Being a Viscan myself, the excitement embedded in the thought of “Muoli na jud ko” or “Hay salamat makauli na bitaw ko” when classes have ended is telling us how we miss the comfort of the familiar setting of our homes. This is a sentiment greatly shared by all students who just came back to the normalcy of face-to-face classes after being held online for two years. What is even better is that the usual three-day break has been extended to Monday (April 10) and is even prompted with an afternoon suspension this Wednesday (April 5) to allow government employees to buy some time to travel back home to their respective families.  

But inevitably, there is apprehension. Students are greatly prone to feeling guilt or shame when they eventually rest too much. As I prepare for my long-awaited travel in almost two months, the abundance of schoolwork trails my way back home. The problem is that we are all mentally conditioned to always work and have little to no play. Even on days wherein we are supposed to put our foot down and use it as our day of replenishment, we are set up to the long list of deadlines and tasks that are due as soon as classes resume, and when we eventually work on these, we feel burnt out. After all, college is no walk in the park. 

This toxic work culture and mindset has penetrated everyone in the academe - from students to teachers. If you do not work hard, you earn less; if you do not study hard, you fail miserably. But, is there any way to ease this kind of anxiety? Besides, studying and working hard is non-negotiable, and it is only less than a full week, so prioritizing the grind to pay the bills is of utmost priority. 

I believe there is only very little that we could promise ourselves this holy week. With the excellent standards we uphold as Viscans, it would be hard to unlearn overworking oneself, but I believe that that is the challenge of this year’s lent: to abstain from overly doing things and taking a step back to assess other parts of our lives. It is totally okay to slow down and take things one step at a time, yet with this comes major self-awareness. This article is not made to instigate the idea that we should totally let go of our work during the holy week. Rather, it is to amplify the point that it is okay to put our rest as one of our main priorities.

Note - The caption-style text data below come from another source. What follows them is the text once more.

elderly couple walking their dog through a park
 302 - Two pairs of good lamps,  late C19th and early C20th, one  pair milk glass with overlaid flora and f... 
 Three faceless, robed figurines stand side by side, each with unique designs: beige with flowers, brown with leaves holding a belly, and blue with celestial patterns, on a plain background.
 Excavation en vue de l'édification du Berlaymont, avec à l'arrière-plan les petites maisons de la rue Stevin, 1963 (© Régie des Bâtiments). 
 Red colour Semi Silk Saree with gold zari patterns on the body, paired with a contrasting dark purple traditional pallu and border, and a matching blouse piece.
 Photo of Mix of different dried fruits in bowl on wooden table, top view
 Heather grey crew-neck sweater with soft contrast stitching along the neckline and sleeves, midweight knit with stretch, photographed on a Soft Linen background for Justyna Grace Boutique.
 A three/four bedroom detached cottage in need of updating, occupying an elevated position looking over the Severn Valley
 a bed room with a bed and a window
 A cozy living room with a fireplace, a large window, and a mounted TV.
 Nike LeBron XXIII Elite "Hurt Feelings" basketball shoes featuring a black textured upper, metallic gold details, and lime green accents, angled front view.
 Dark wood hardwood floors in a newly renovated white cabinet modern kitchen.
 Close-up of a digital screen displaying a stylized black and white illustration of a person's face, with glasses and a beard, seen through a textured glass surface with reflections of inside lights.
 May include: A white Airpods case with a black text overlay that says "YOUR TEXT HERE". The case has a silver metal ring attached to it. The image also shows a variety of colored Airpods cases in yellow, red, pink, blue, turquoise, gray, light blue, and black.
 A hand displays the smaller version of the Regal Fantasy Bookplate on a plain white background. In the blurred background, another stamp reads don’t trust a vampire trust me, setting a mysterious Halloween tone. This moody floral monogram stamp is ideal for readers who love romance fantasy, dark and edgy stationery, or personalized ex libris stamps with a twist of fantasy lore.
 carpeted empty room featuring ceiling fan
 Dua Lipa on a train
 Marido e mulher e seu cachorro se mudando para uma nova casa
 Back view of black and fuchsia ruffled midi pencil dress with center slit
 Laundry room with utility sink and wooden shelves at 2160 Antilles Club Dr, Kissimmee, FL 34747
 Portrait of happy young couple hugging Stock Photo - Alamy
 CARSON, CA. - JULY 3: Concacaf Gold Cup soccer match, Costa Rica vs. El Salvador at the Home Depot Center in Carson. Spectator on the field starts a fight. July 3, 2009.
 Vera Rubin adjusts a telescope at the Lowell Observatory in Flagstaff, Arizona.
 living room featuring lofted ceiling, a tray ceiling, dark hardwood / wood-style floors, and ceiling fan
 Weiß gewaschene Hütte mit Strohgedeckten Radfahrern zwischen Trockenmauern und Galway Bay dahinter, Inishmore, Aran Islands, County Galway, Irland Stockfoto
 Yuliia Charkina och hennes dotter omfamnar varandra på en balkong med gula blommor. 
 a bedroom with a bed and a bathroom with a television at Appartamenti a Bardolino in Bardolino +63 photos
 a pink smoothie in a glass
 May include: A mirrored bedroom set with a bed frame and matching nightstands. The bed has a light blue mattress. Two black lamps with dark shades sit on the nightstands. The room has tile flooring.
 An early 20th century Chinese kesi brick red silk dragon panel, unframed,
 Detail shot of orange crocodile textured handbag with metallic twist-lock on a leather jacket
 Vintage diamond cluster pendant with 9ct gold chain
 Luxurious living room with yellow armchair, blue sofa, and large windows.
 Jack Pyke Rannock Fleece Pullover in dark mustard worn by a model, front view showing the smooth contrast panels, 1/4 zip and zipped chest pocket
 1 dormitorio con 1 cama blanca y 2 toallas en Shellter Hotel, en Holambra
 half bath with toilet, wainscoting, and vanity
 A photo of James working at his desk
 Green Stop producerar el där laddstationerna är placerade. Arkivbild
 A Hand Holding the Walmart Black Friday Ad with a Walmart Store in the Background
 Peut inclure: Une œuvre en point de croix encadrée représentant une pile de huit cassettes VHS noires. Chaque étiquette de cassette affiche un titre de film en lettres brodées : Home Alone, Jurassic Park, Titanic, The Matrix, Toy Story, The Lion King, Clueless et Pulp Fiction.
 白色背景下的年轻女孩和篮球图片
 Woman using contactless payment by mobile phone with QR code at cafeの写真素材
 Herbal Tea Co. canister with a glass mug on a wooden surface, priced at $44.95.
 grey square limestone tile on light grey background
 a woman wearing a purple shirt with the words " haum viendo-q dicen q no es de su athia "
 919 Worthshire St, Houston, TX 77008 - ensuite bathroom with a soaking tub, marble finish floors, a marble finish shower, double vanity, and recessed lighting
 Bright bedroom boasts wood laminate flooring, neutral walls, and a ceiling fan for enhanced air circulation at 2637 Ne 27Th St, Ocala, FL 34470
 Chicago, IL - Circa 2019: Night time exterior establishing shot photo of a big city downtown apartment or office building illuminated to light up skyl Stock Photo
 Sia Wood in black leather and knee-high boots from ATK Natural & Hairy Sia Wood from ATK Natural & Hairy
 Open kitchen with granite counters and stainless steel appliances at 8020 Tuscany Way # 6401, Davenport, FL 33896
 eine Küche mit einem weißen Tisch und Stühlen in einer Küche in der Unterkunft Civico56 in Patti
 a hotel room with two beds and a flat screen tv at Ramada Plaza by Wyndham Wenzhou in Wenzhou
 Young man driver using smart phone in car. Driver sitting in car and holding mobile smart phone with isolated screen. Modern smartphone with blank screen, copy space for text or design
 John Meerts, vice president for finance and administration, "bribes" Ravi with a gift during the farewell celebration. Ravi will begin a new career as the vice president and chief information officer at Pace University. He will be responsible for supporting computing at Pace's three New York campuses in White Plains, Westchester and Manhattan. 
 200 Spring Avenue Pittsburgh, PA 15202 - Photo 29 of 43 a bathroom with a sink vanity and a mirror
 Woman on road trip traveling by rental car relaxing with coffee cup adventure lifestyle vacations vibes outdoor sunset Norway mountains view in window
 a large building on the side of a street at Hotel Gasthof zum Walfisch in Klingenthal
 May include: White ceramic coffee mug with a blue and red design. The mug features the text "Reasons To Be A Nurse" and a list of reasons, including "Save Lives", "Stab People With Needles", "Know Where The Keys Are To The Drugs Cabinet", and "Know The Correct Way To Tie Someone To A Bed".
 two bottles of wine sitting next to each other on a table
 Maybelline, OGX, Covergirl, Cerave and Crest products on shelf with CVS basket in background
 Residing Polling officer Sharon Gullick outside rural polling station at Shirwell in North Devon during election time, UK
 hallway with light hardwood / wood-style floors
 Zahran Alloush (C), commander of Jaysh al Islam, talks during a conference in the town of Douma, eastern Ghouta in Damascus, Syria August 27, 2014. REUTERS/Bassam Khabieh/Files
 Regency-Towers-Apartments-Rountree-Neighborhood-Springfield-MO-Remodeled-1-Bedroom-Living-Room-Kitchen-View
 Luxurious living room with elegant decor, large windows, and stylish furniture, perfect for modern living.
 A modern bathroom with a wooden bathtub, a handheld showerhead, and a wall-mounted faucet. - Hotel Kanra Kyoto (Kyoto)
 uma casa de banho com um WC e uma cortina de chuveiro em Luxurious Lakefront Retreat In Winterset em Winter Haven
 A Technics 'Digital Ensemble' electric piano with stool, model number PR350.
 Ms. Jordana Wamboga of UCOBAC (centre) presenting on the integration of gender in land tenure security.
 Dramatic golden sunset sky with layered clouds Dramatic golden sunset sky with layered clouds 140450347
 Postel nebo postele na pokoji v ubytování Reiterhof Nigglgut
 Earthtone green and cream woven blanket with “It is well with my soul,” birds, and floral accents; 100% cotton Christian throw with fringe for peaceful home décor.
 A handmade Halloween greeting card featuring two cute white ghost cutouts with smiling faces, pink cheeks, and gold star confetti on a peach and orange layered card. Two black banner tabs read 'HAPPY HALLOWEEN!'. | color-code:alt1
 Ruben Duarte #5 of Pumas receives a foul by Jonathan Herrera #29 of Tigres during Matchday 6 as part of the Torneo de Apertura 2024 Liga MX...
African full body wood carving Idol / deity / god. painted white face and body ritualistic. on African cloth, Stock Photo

We have been in a constant cycle of cramming and overworking that we are forgetting our well-being: may it be spiritual, mental, or physical. We have to spend time with our families, our loved ones, and even ourselves. Hence, we have to find ‘rest’ in our restlessness. 

Of course, this is easier said than done. We all come from different courses that require units that test our morale and tenacity to succeed, but we have to remember the real essence of the holy week: forgiveness, and it is imperative that we not just forgive those who sinned against us; but also ourselves. It is so easy to blame oneself when things go wrong, and we tend to be too hard on ourselves when we fail a test, forget to submit an activity, and when couldn't learn this lesson. We owe it to ourselves to believe that we are doing great and that we have done enough. 

College students in general get a very little number of days to rest and get back to the feral world of the collegiate academe, but this is the price we pay for the dreams we are bound to accomplish. This entire week may have a multiplicity of meanings to every Viscan, but I think it is agreeable that we all deserve this rest, and it is okay to put the pen down for some quality time with the people you chose to be with because even God rested on Sabbath. With the midterm examinations being right around the corner; it is safe to say that taking a break would mentally recalibrate the energy we need to keep going, and what better time to do it than now—take it as your very own resurrection perhaps.